DETECTING, DETERRING, AND RESPONDING TO INTERNATIONAL NONCOMPLIANCE

[International Tax Compliance]

Detecting, Deterring, and Responding to International Noncompliance

Detecting, deterring, and responding to international noncompliance are key challenges facing tax authorities around the world. International tax non-compliance is a significant problem acknowledged by global tax authorities. Tax advisors and financial institutions play a major role with deterring, implementing and monitoring global tax compliance.

International tax compliance enforcement is a priority effort for the IRS. Tax avoidance schemes, cross-border transactions and complex “hard to understand” business structures have heightened IRS tax compliance concerns. The prevention of tax schemes, money laundering, and the flow of narcotics and terrorist funding is a coordinated effort IRS-Criminal Investigation (IRS-CI) undertakes with other countries. IRS-CI has special agents that are forensic accountants trained to follow the money. IRS-CI has expanded its overseas presence by assigning attachés to key foreign embassies and consulates.

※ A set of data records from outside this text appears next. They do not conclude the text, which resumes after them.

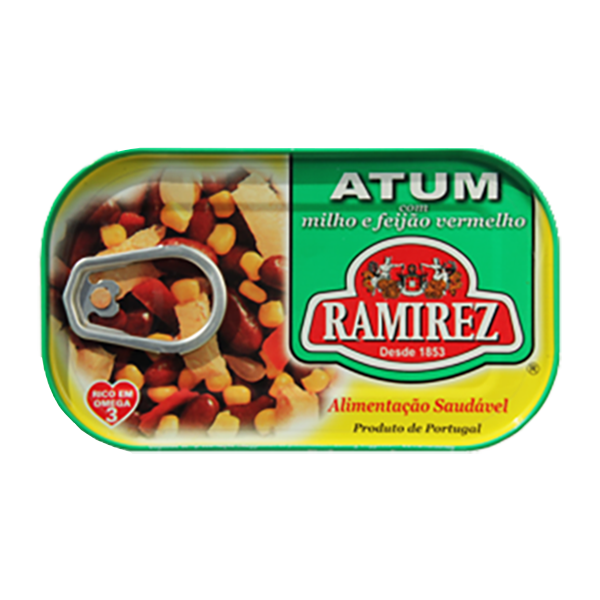 Ramirez Tuna with Corn & Red Beans – Portuguese Ready Meal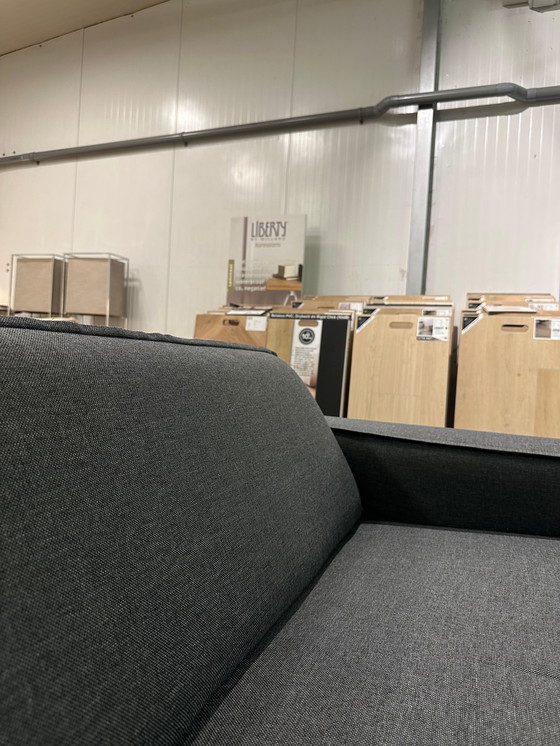 Image 1 of Fest Edge Loveseat Kvadrat Blue/Grey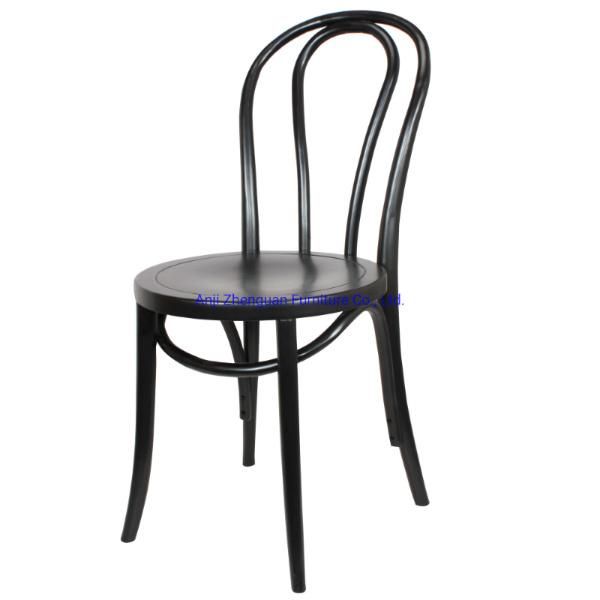 Hot Selling Thonet Wood Home Modern Garden Furniture Dining Chair (ZG16-001)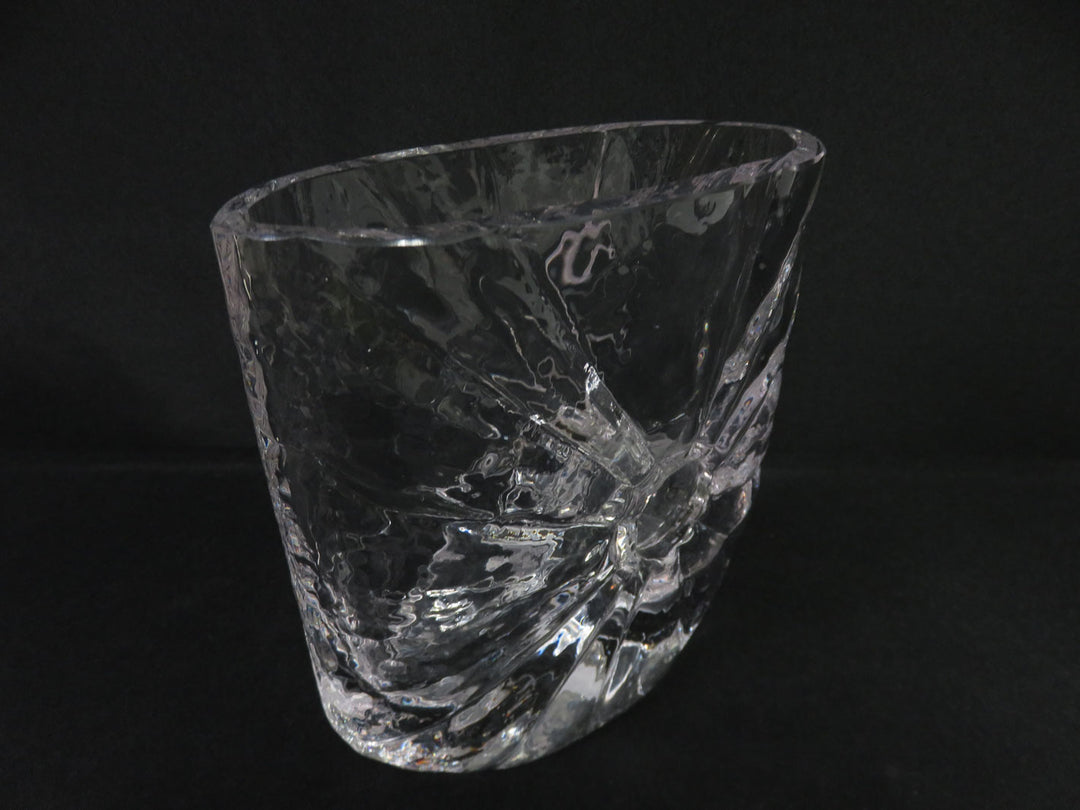 Rune Strand Art Glass Vase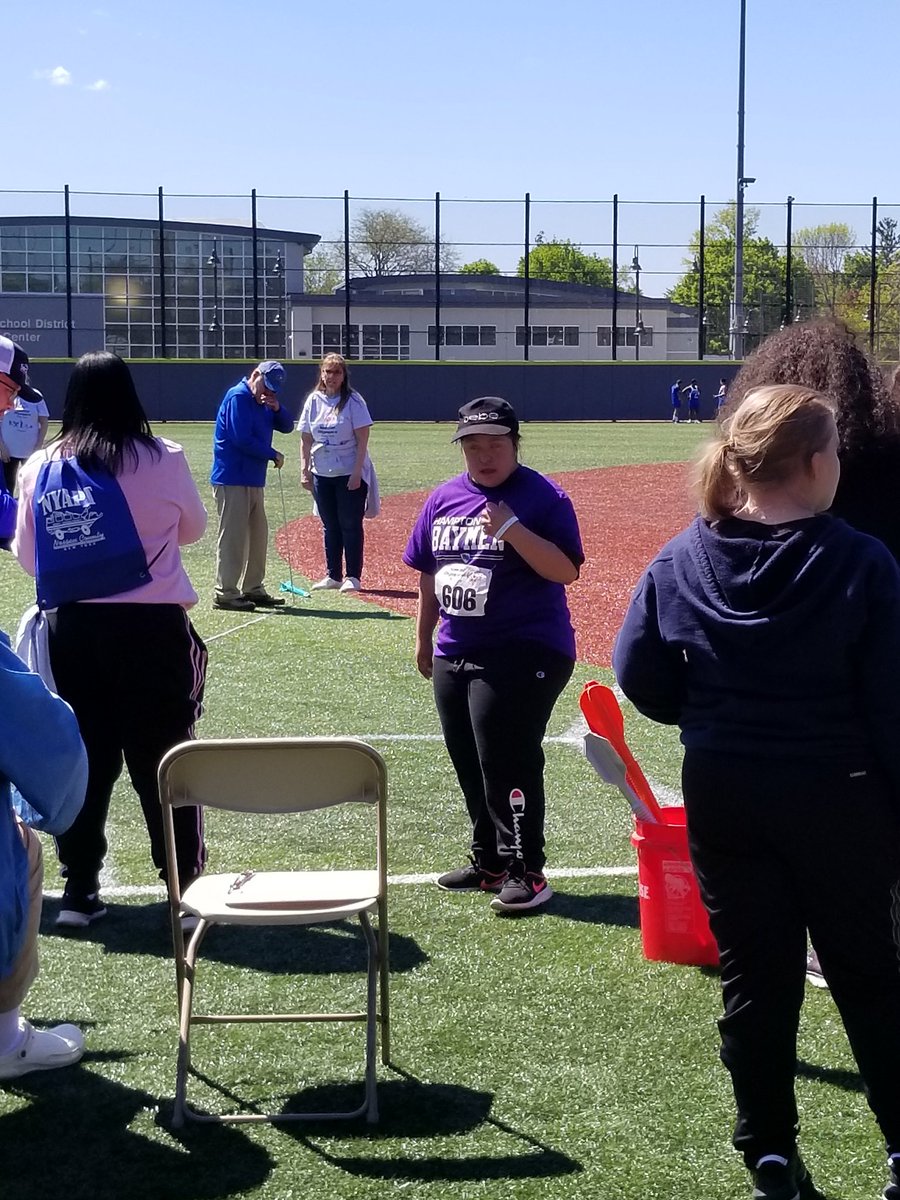 Koberm06's tweet photo. Congratulations to our #hbstrong athletes today @SpecialOlympics I am so incredibly honored to have been apart of such an amazing day of bravery and athleticism! #wearehb #engagehb @hbschools  @hbVickiManzullo https://t.co/npTJz1RSPe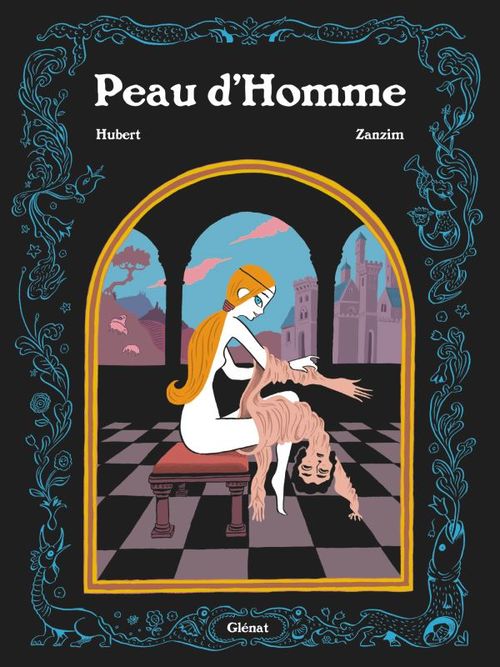 ebook cover of Peau d'Homme, by Zanzim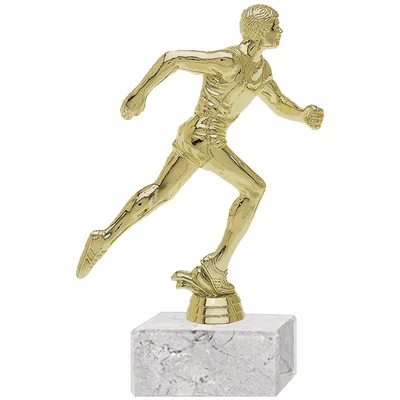 Trofeo Plástico Atletismo Masculino Grande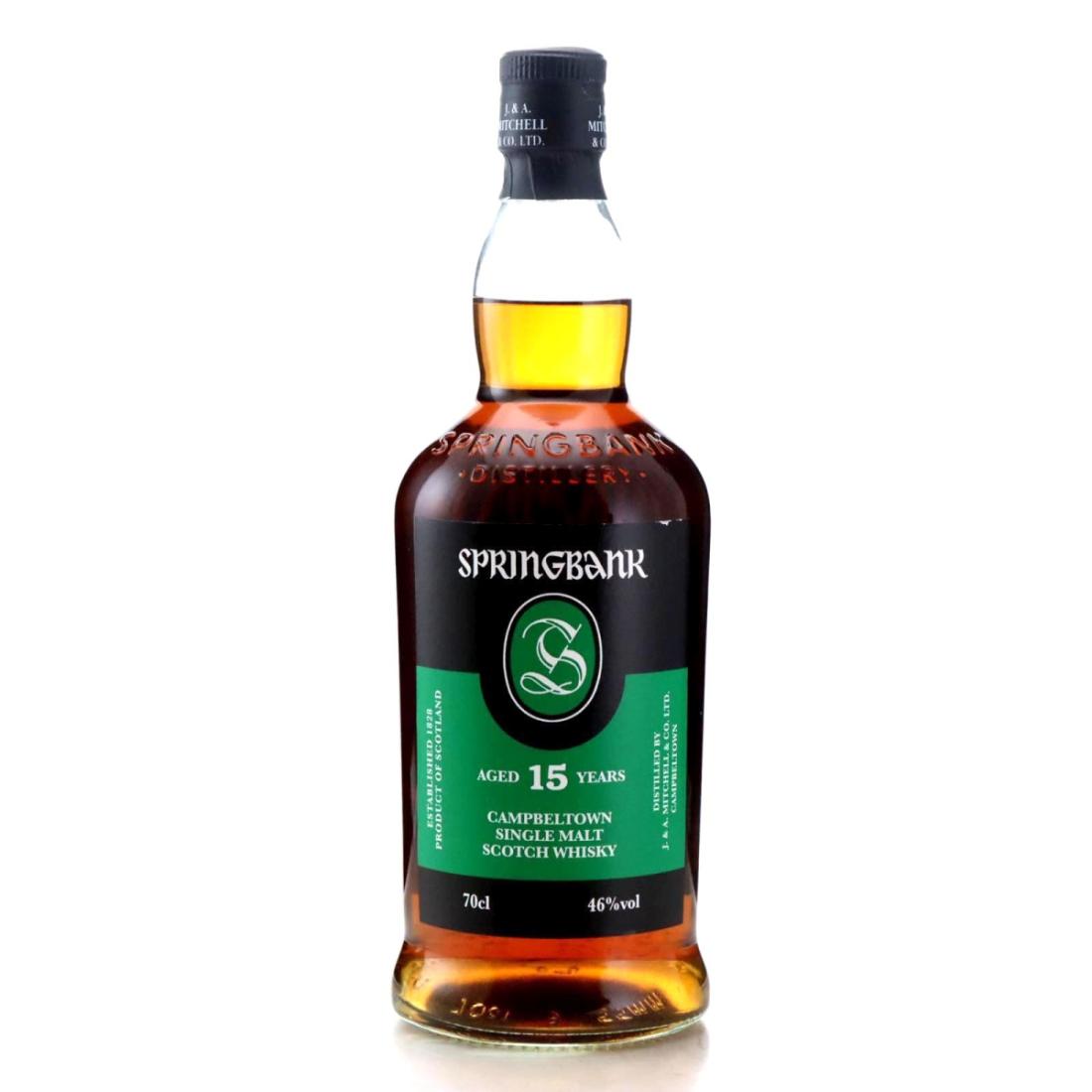 Springbank 15 Year Old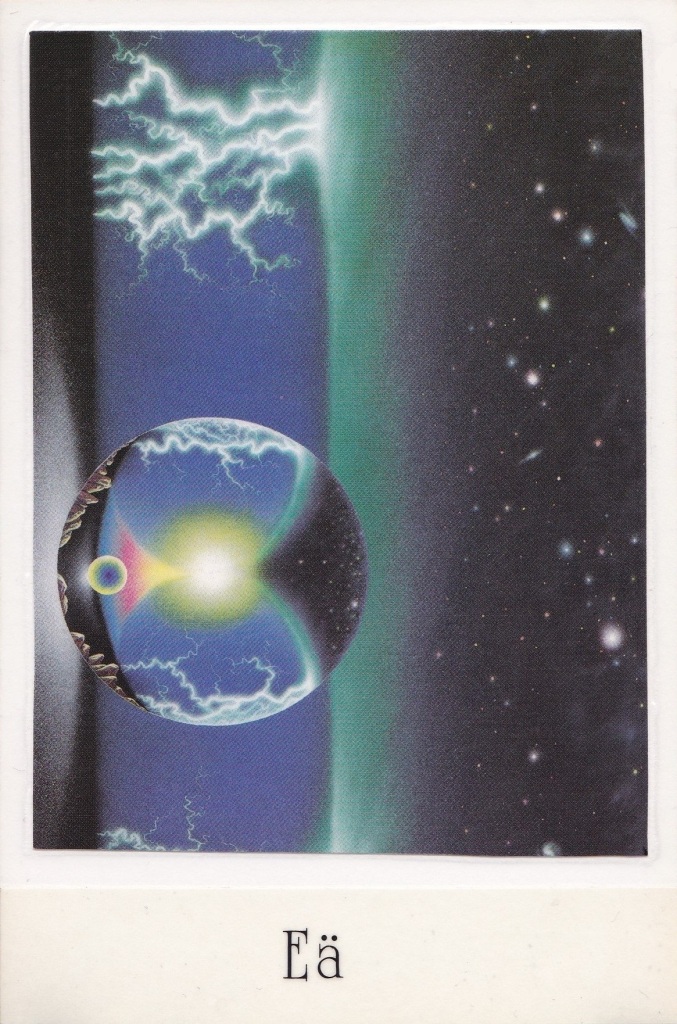 21 - E&auml; (The World)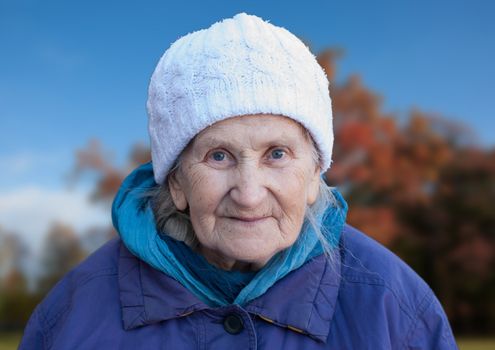 oldster grandmother
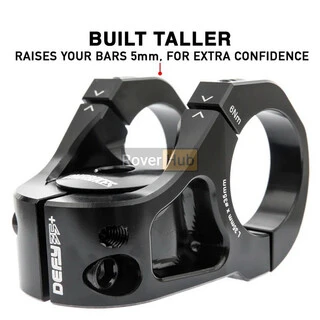 Виніс керма DMR Defy35 + (Black) під кермо 35 мм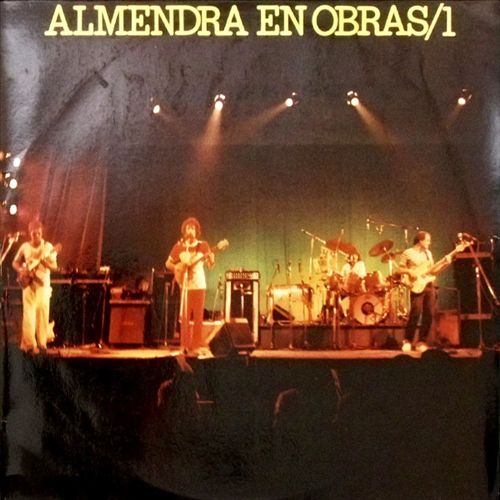 Almendra en Obras/1 cover art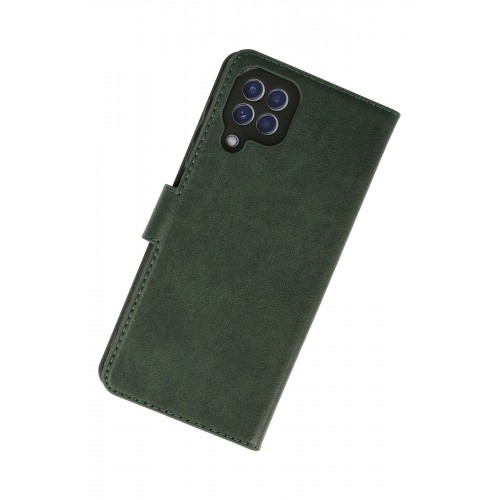 Newface Samsung Galaxy M32 Kılıf Trend S Plus Kapaklı Kılıf - Yeşil Newface Samsung Galaxy M32 Kılıf Trend S Plus Kapaklı Kılıf - Yeşil
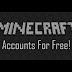 Free Minecraft Account List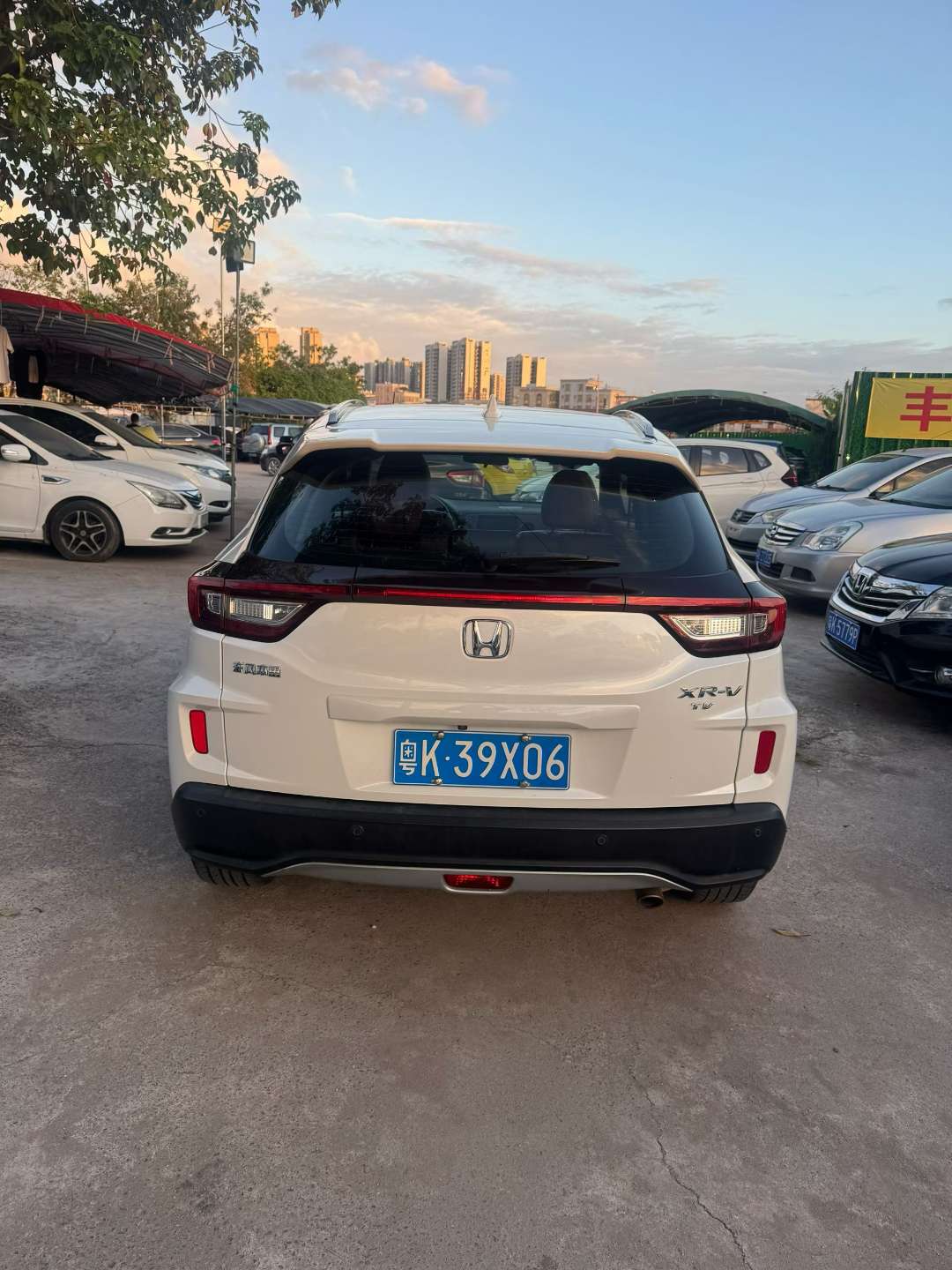 Honda XRV 1.8L Automatic Top Trim 7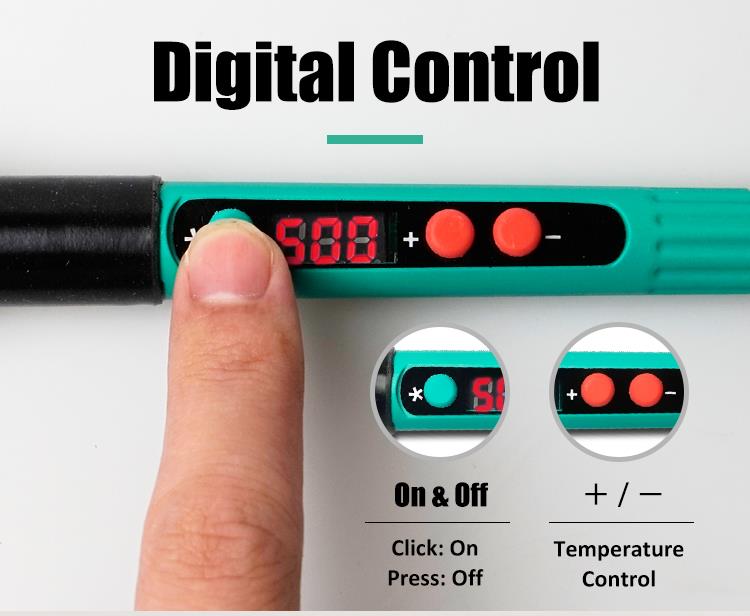 Proskit Soldering Welder Digital Temperature Control 60W SI-186F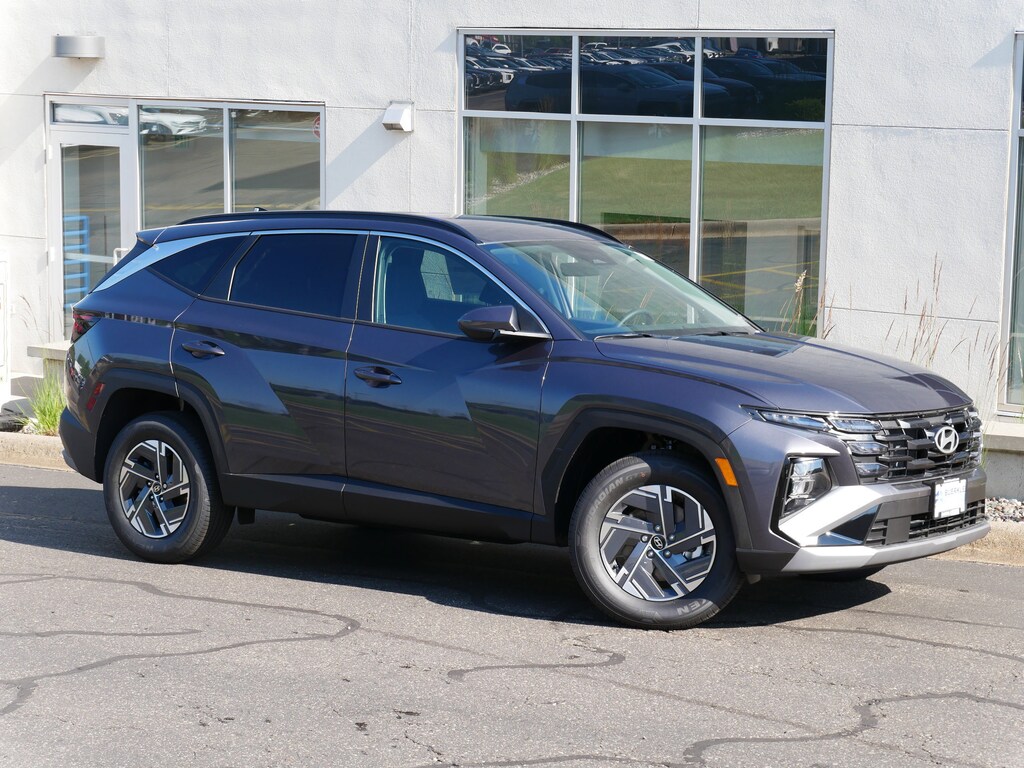 Used 2025 Hyundai Tucson Hybrid Blue SUV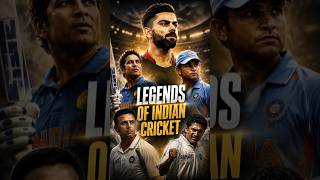 Legends of Indian cricket. #facts #cricket #viratkohli #shorts .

IRS-CI conducts criminal investigations regarding alleged violations of the Internal Revenue Code, the Bank Secrecy Act and various money laundering statutes. The findings of these investigations are referred to the Department of Justice for prosecution consideration.

The Panama Papers uncovered the tip of an iceberg for misunderstood offshore structures that could actually be legal in multiple jurisdictions. That said, the U.S. and other jurisdictions have provided a number of public announcements and warnings regarding the non-compliant uses of what could otherwise be legitimate business structures. From the U.S. perspective, FATCA has enlisted banks around the world to report on reportable U.S. taxpayer owned and controlled bank accounts. FATCA requires Non–US Financial Institutions around the world to disclose their U.S. account holders, or risk being blocked out of the U.S. financial system, and pay penalties. IRS has been emphatic in its warnings to offshore account holders to disclose their reportable controlled accounts before it is too late. Based on its IRS provided information under Internal Revenue Code section 7345, the U.S. State Department is now required under certain circumstances to revoke or deny a passport to a U.S. taxpayer that has a IRS tax lien in excess of $50 thousand. While it is not illegal to have offshore accounts or use offshore business structures, not reporting their existence and earnings is illegal under U.S. tax law.

In a globalized economy cross-border transactions become the norm. Tax authorities will be working together to ensure that taxpayers pay the right amount of tax to the right jurisdiction. In 2014 the Organization for Economic Co-operation and Development (OECD) developed the Common Reporting Standard (CRS). CRS is an information gathering and reporting requirement for Financial Institutions to ensure compliance by tax jurisdiction - as opposed to FATCA that ensures compliance by US immigration status. CRS jurisdictions will automatically exchange tax information on an annual basis. Over 50 jurisdictions have adopted CRS and will automatically exchange information between tax authorities starting in September, 2017.

The game is almost over for those who are non-compliant regarding reportable income and reportable accounts. The moment to comply is now.